Once you know the IP address, visit ip2location, infosniper, or IPaddresslookup to see geological location, Internet service provider, and other related information. The order might be fraudulent if:
- the IP address is a proxy service IP address; or
- the IP address isn’t located in the area where customers claim to be; or
- the IP address is for a web hosting company.
Tip 3: Contact Customers Via Phone Number
Normally, fraudsters will use an invalid phone number. Even if someone answers the phone, you should still check if they know some simple information like name, email, or address on the order.
Service like 411.com can even tell you whether the phone number is within the area code as the billing address or not.

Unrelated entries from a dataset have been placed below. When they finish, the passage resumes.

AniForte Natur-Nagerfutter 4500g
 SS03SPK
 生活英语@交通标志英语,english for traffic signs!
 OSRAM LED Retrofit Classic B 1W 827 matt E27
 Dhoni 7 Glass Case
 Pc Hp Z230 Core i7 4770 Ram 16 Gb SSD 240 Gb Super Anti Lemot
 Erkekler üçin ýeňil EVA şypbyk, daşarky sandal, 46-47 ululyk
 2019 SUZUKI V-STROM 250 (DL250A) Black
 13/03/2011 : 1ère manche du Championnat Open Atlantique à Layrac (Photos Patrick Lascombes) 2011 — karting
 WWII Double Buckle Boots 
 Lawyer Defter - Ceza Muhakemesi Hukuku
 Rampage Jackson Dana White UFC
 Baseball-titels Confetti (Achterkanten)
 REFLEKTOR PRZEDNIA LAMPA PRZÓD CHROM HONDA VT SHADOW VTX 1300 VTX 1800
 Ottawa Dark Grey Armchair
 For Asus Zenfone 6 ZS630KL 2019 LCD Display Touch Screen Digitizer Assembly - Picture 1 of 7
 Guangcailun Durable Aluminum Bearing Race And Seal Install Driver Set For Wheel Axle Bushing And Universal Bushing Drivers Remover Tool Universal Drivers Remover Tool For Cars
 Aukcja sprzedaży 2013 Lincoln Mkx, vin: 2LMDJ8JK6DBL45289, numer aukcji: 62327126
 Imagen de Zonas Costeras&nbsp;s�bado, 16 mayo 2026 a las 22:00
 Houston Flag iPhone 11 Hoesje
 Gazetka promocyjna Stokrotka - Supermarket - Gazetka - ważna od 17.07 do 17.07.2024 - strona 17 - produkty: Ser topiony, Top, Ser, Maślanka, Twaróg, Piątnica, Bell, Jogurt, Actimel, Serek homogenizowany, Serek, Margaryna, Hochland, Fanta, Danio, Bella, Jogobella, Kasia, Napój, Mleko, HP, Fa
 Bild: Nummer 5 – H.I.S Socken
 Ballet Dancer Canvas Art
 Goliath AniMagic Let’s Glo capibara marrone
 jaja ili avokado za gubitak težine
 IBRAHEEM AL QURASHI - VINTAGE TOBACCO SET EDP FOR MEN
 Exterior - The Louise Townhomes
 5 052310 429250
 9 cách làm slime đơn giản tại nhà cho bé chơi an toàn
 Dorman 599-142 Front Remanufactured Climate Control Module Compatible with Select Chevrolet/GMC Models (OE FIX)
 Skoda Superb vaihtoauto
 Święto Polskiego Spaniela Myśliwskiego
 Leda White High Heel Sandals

Tip 4: Check The Email Address
With the customers’ email address in hand, you can search it on Google to know if it has been used for fraud attempts before.
Tip 5: Notice The Billing And Shipping Addresses
When the shipping address is not the same as the billing address, you should use Google Maps to find out the distance. If they are too far from each other (for example, from two different continents), there is a chance that the order is fraudulent.
Another fraud sign is that there are many orders with multiple billing addresses but sharing the same destination to ship to.
3. Cancelling A High-Risk Order
After applying the tips below, you are the one who decides to fulfill the order or not. If you think it is legitimate, then fulfill it like normal. However, bear in mind that Shopify won’t return the money lost when a high-risk order is fulfilled and fraudulent chargeback occurs.
If you think the order is fraudulent and you want to cancel it, then follow these steps:
- In the Shopify admin, choose “Orders”.
- Choose the high-risk order > “More Actions” > “Cancel Order”.
- When a pop-up window appears, choose “Refund”, “Fraudulent” as the reason for cancellation, and whether or not you want to inform customers of the cancellation.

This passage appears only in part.